VITAL has been exploring whether taking daily dietary supplements of vitamin D3 (2000 IU), omega-3 fatty acids or both lowers the risk of developing cancer, heart disease and stroke in people without a prior history of these illnesses.

From VITAL’s large pool, the researchers confirmed 1,991 incident fractures in 1,551 participants over a median follow-up period of 5.3 years.

According to LeBoff, most study participants were not found to be deficient in vitamin D and already may have reached the vitamin D level needed for bone health.

The National Institutes of Health’s Office of Dietary Supplements says most people meet at least some of their vitamin D needs through exposure to sunlight, but they consume less-than-recommended amounts of vitamin D.

Nationwide, an estimated 53.6 million individuals have osteoporosis, low bone mass or both, according to the study’s paper. Two million osteoporotic fractures occur annually, and that number is expected to top 3 million fractures per year by 2040.
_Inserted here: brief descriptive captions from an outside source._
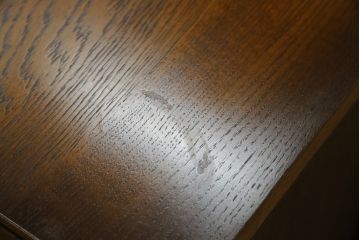 中古　IDC大塚家具取り扱い　加藤木工　Brooks(ブルックス)　サイドボード150　ナラ材　クラシカルな佇まいが美しいリビングボード(戸棚、収納棚、サイドキャビネット)(定価約32万円)(R-068114)
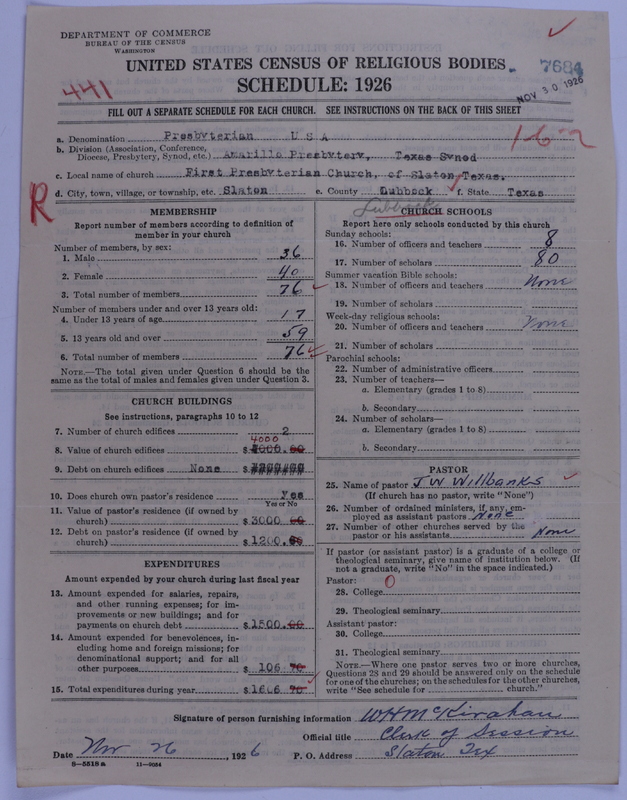 Scan of Presbyterian Church in the United States of America: 7684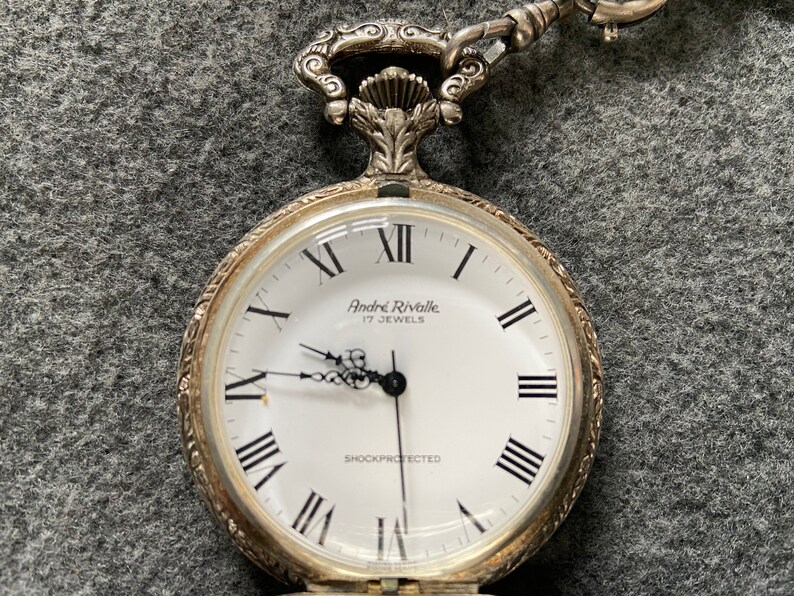 andre rivalle 17 jewels pocket watch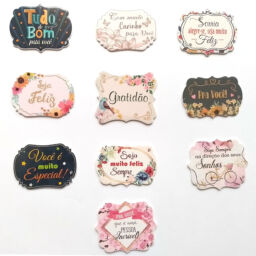 Topo de Bolo Kit com 10 unidades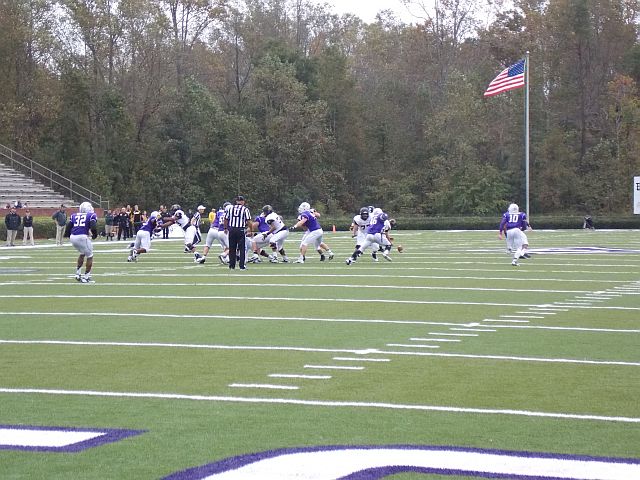 App State vs Furman Action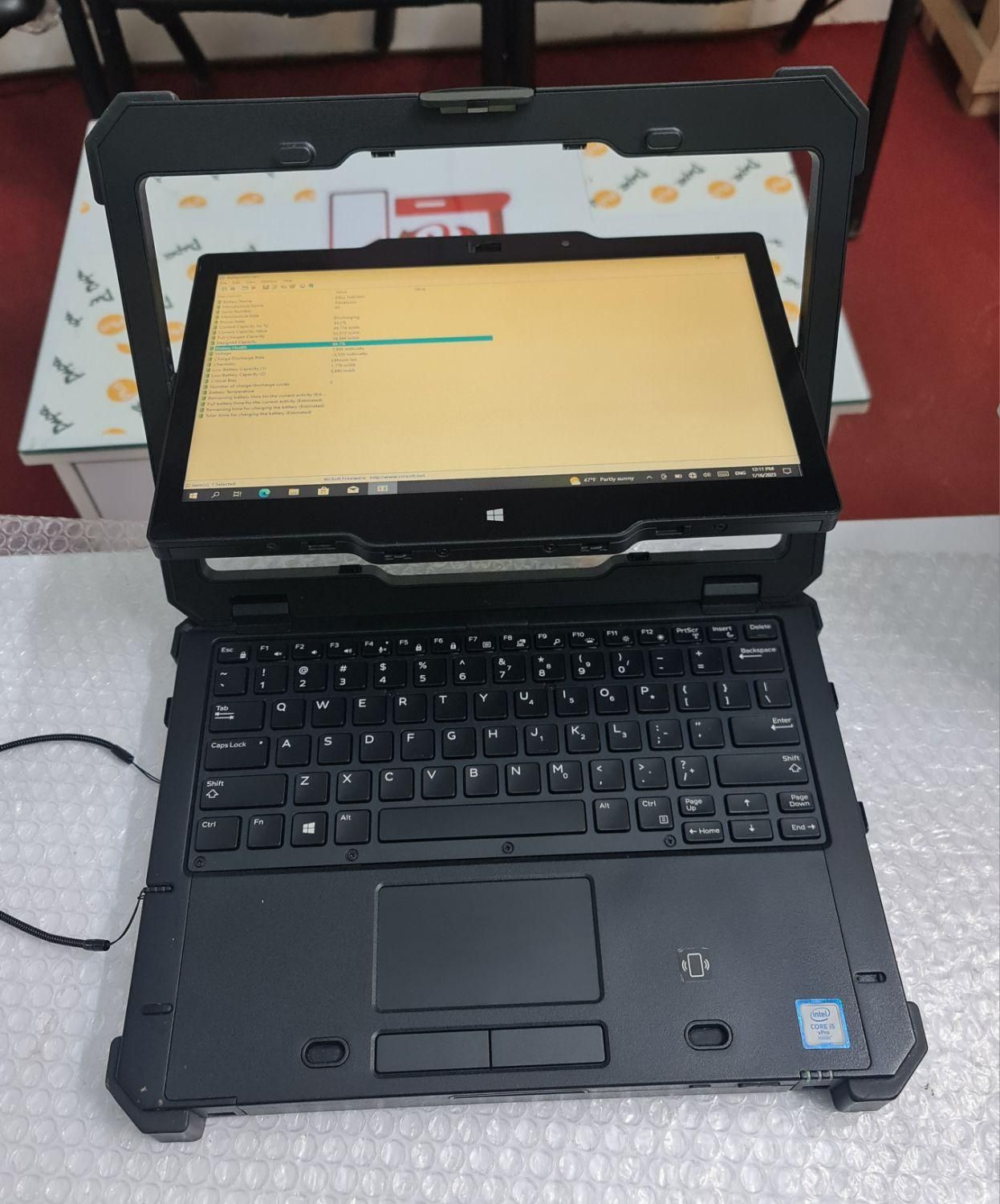 دل نظامی صنعتی دیاگ تبلت شو چرخشی rugged 7214|رایانه همراه|تهران, امام حسین(ع)|دیوار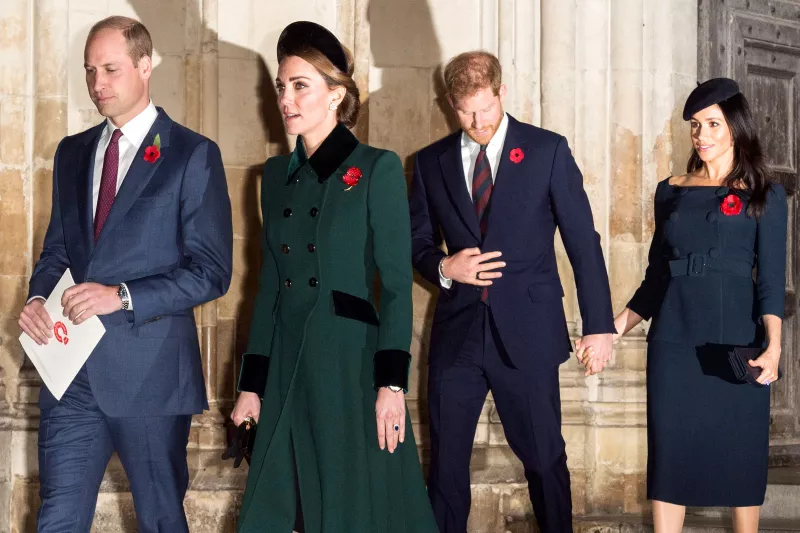 William, Kate, Meghan y Harry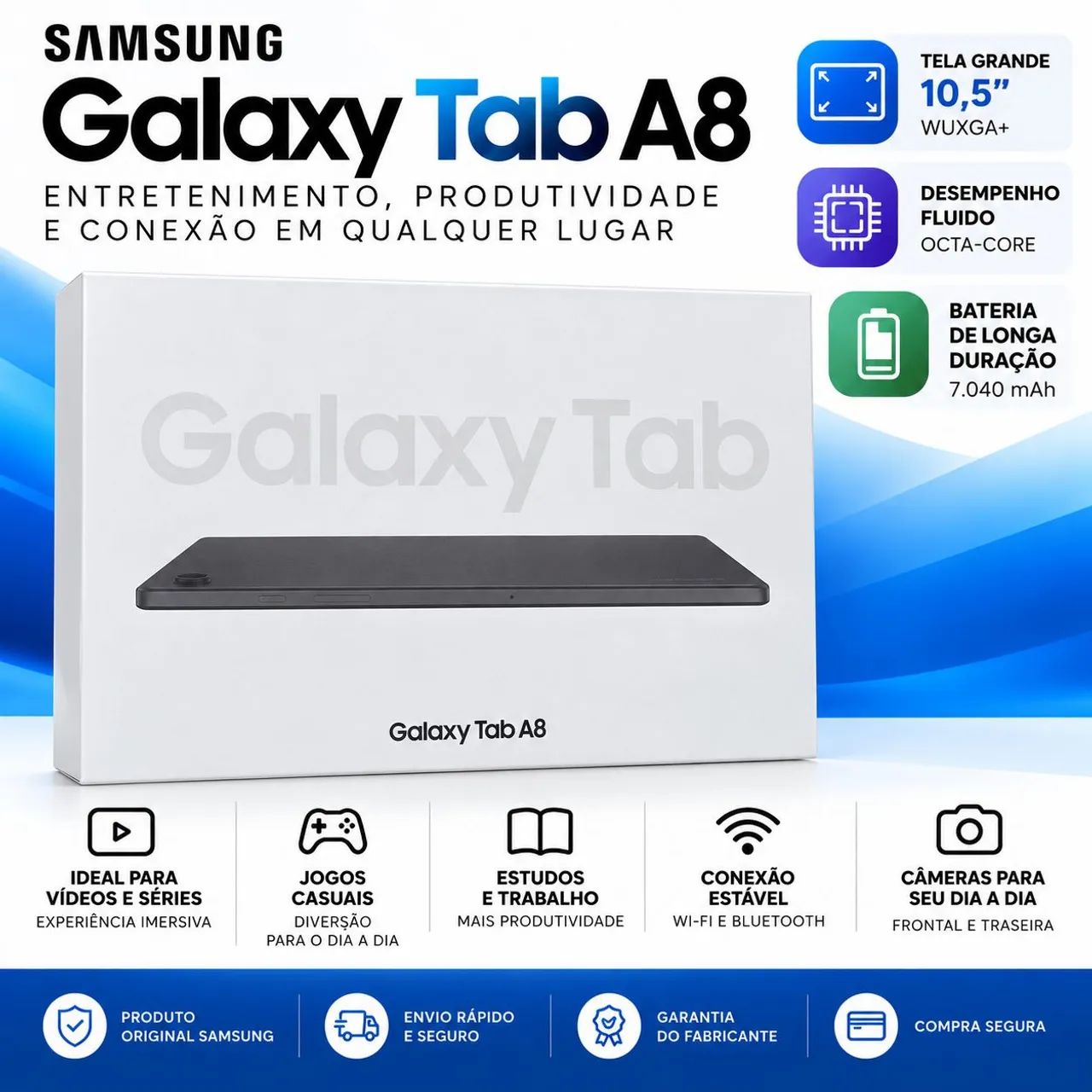 Tablet Samsung Galaxy Tab A8 10,5? Wi-Fi Usado - Conservado - Foto 5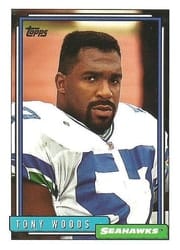 1992 Topps Base Set Tony Woods #512 card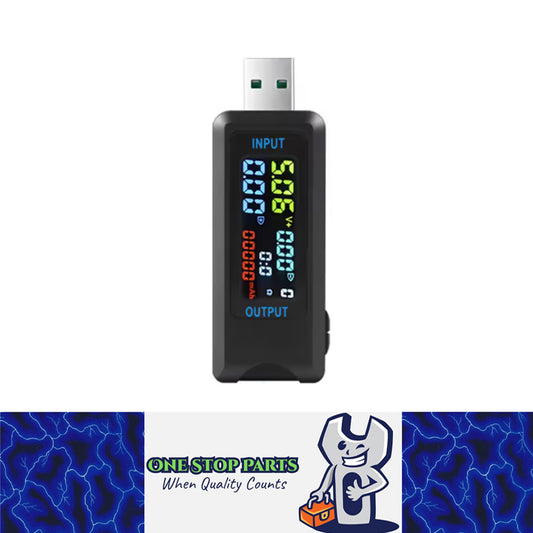 Digital USB Voltage Tester Volts Amps and Current Draw Test Accessories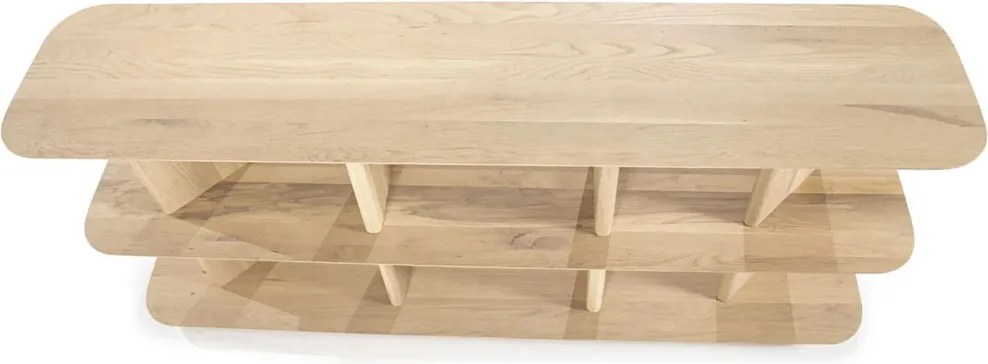 Open Dressoir Eikenhout Naturel - 180 X 40cm.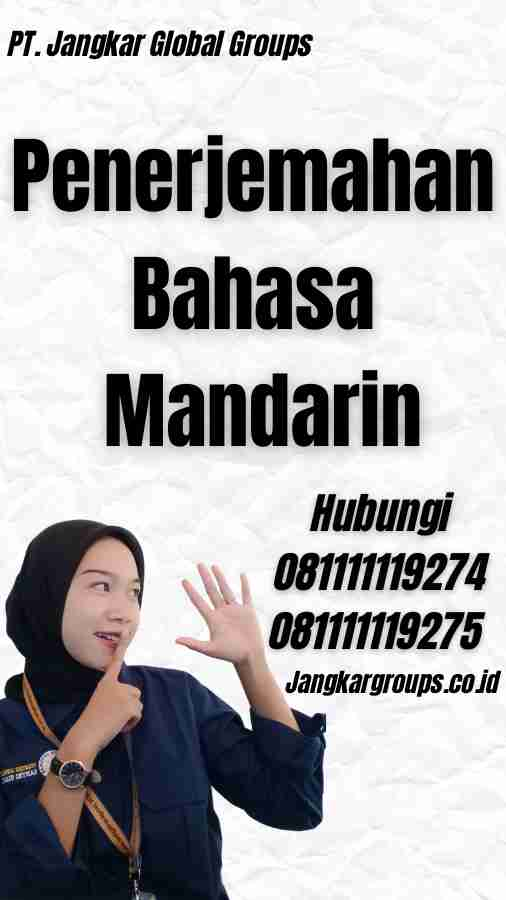 Penerjemahan Bahasa Mandarin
Osteoporosis, and ensuing bone fragility, is most often associated with inadequate calcium intake, NIH says, but insufficient vitamin D intake contributes to the condition by reducing calcium absorption.

On the other hand, NIH broadly warns that too much vitamin D from foods, beverages and dietary supplements may be harmful to health and suggests daily upper limits.

The investigators acknowledged their study’s limitations, including the fact that they evaluated only one vitamin D dose and that the trial wasn’t designed to test the effects of such supplementation in people who are vitamin D deficient.

LeBoff said the Brigham researchers’ ongoing studies are “focusing on whether free vitamin D levels that we are measuring, or differences in genetic variation in vitamin D absorption, or metabolism and other factors may identify individuals” who may benefit from vitamin D supplements for musculoskeletal health.